On August 20, 2015 by WMac

There’s a problem in the automotive world, and it’s not that automakers are forsaking the enthusiast driver.  In fact, one could argue that now is as good a time as any to be an enthusiast—at least on paper.

The problem is that the enthusiast options exist— but ONLY on paper, and not in tangible, glistening candy apple red reality.  Dealers don’t stock enthusiast-appeal specs and trims, because in order to make money, dealers have to appeal to the mass market and be able to close a needy, yet skittish customer by sending them home in a new car TODAY.  That means filling their lot with boring, interchangeable, beige/white/silver/grey-on-black, automatic transmission, all-wheel drive models with DVD players and oversized twenty-two-inch rims wrapped in compromised all-season tires.

If an enthusiast is interested in something better, something interesting, something like, say—an Ecoboost Mustang coupe with stick, performance pack, and non-black interior.   Or a 6-cylinder front-wheel-drive Chrysler 200 with a non-black interior, or a 1.4T Jeep Renegade with steelies, 4×4, and stick, or an absolute base-model Fiat 500X 1.4T with stick and front-drive…I could go on, but unless they’re lucky, the enthusiast will not be able to test-drive any of these examples (all of which, according to automaker websites, are obtainable).

Who is going to make the $50k leap on buying a stick Chevy SS when they’ve never had a chance to drive one?  What about the $40k leap on a BMW 228i coupe with stick (late edit: most recent R&T says BMW “lost their way” with the 228i—sounds like it’s not even an option worth considering anyway)?  The point is, it’s a tough sell to get a consumer to throw all that cash at something they can’t see or touch before they’re stuck with it.

This creates a cyclical effect, where STEP 1) makers produce a performance trim level/option package, STEP 2) dealers don’t buy it because it doesn’t suit the mainstream, STEP 3) enthusiast customers can’t see it and touch it so they don’t buy it, STEP 4) the maker stops building it, and then STEP 5) enthusiast consumers cry out that the maker doesn’t build any exciting cars.
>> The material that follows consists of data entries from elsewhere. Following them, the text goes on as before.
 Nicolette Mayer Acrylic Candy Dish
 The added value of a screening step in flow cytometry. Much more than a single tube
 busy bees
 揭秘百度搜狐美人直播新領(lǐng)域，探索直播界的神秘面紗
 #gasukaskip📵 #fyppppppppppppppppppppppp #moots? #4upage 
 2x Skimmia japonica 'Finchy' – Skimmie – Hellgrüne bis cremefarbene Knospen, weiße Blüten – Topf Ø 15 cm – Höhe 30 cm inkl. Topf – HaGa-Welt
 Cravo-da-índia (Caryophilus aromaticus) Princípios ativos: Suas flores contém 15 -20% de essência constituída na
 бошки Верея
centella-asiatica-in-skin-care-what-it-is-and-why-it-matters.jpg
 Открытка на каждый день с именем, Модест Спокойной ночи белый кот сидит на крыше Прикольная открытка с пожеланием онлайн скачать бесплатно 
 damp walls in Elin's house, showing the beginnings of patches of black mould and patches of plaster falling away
In my mind, this cycle is what led Toyota to become the world’s top-selling automaker—after making such gems as the 2000GT and the Supra, the brand eventually shed all pretense of building anything interesting or innovative and instead focused on pushing as many keyfobs for staid, beige vehicles across dealer desks as possible.  Well, what’s wrong with that, you ask?

I’ll tell you.  Part of building and selling cars is selling the consumer on a dream about getting something—not just anything, but a great BIG something that is significantly better than what that consumer has now.  Lately, Toyota is participating in the 24 Hours of Le Mans, collaborating with Subaru on the FRS/BRZ, whispering rumors to the press about a liaison with BMW, and overall trying desperately to inject themselves with an exciting viability.  Why are they doing this?  Because they realized that if they stopped trying to excite, and innovate, and push the envelope, and showcase the dream of better-ness (all things they essentially HAD stopped doing for a while in the mid-to-late 2000’s), eventually their engineering would become dull and passé.  All of those sales numbers they took for granted were suddenly in danger of disappearing because their products were teetering on the precipice between bland and inoffensive to downright non-competitive.  If that happened, they would no longer able to offer something any better than what the consumer already owned, and even their most shameless sycophants would begin to question them.  This very thing happened recently to Honda with the 2012 Civic—a great case in point, and perhaps another indicator that helped spur Toyota to act.

Enthusiast consumers are stuck with this vicious cycle, though, for two reasons.  First is the flawed, mass perception about car-buying—that it must be as fast a process as possible.  This forces a dealer to stock exactly what the lowest common denominator would want to act on and go home with that same day.  This is a doubly destructive practice, as it often saddles that customer with something other than exactly what they want, which leads to regret or anger about the purchase, which leads to a widespread culture of consumer distrust regarding dealers.  The second reason is the politically connected National Auto Dealers Association, which ironically lobbies lawmakers to pass legislation that maintains and reinforces this flawed status quo.  A prime example is NADA’s recent effort to shut down Tesla’s direct-sales model.  I do not mean to suggest that dealers are all evil money-grubbing middlemen, but rather that their incentives are flawed.  The clever manufacturer would provide some additional incentive for dealers to push enthusiast models.  After all, in the long run, the enthusiast models (and their owners) are what burnish the brand image.

Unfortunately, we’re not there yet.  So, sadly, like Calvin says, “Life is full of precluded possibilities.”  The wildebeests might be out there, but they might as well be in Africa as close as most enthusiasts will get to them.